Aku tidak tahu begitu banyak tentang
makanan, apalagi masalah memasak. Telur dadar pun masih robek ketika kubolak-balik
dengan spatula.
Spatula? Sutil? Serok? Apapun itu namanya
lah.
Mie instan kadang terlalu lama digodok,
jadinya lembek sekali. Jadi sebisa mungkin aku menjauhkan diri dari dapur,
apalagi kalau harus memasakkan sesuatu ke orang lain.
Tetapi tetap saja, makanadalah satu
dari banyak hal yang paling membahagiakan. Makan tidak hanya mengisi perut.
Selera yang kita miliki terhadap makanan dibentuk juga oleh apa kualitas
makanan yang masuk ke mulut kita. Rasa mungkin yang paling berpengaruh, juga
tekstur dan segala kualitas makanan yang mungkin tidak aku ketahui.
Yang aku tahu pasti, manusia terus menuntut
sesuatu yang lebih baik dari sebelumnya. Itulah yang kita lihat di masa kini.
Semuanya sekarang jadi lebih mudah karena teknologi berkembang. Yang tadinya
tradisional juga kemudian berubah menjadi modern. Dulu Sultan keliling kota
Yogyakarta naik delman. Siapa tau kini beliau secara undercover keliling naik scooter
matic supaya bisa lebih cepat.
Ya, semunya berubah. Bakpia juga berubah. Bakpiapia salah satu manifestasinya.
Bakpia adalah salah satu makanan ringan
tradisional yang berasal dari kota tercinta, Yogyakarta. Mungkin resep bakpia –
yang mendapat pengaruh oriental dari Cina – itu sendiri sudah dikenal secara
umum dan secara turun temurun. Makanya, kita bisa meilihat beberapa jalan
tertentu di Yogyakarta, di mana terdapat toko Bakpia di seluruh sisi dan sudut.

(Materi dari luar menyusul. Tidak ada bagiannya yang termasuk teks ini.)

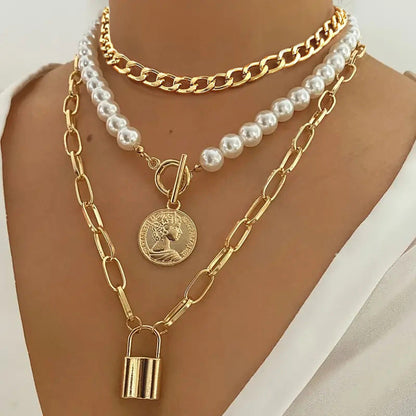 Baroque Style Irregular Pearl Necklace Creative Geometric Chain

Bakpia secara tradisional lebarnya mungkin sekitar lingkaran yang dibentuk ibu
jari dan telunjuk kita. Teksturnya cenderung keras dan renyah. Isinya pun
bermacam-macam, mulai dari kumbu kacang hitam, coklat, keju, kacang hijau, dan
lain-lain.
Seiring dengan perubahan waktu, ternyata
Bakpiapia hadir dan memberikan citra yang baru terhadap industri bakpia di
Yogyakarta. Inovasi, itulah yang ditawarkan bakpiapia. Dibungkus dengan kotak
kecil yang apik dan mudah dibawa, Bakpiapia memperkenalkan kepada kita konsep
baru: bakpia coklat dan bakpia blasteran. Dengan adonan yang sedikit lebih
kecil dan kepadatan yang tepat, Bakpiapia coklat memberikan rasa yang berbeda,
entah apapun itu aku, tidak bisa diungkapkan dengan kata-kata. Pokoknya enak,
sebuah pengalaman tradisional sekaligus modern. Di sisi yang lain, Bakpiapia
blasteran, mungkin sesuai namanya, membawakan cita rasa asing dalam bakpia yang
tradisional itu. Pada gigitan pertama, nikmatnya menggugah rasa ingin tau yang
mendalam dan menyiksa jika tidak dijawab: Oh Tuhan, rasa apakah bakpia
blasteran ini? Tiramisu? Blackforest? Cappuccino? Bumbu pecel? Entahlah! Mungkin
hanya para pembuat Bakpiapia yang tahu. Sebuah gabungan konsep dua daerah. Sebuah inovasi yang
menggugah selera.
Sebenarnya aku tidak suka bicara tentang
makanan. Despite all the nonsense above, intinya Bakpiapia itu enak.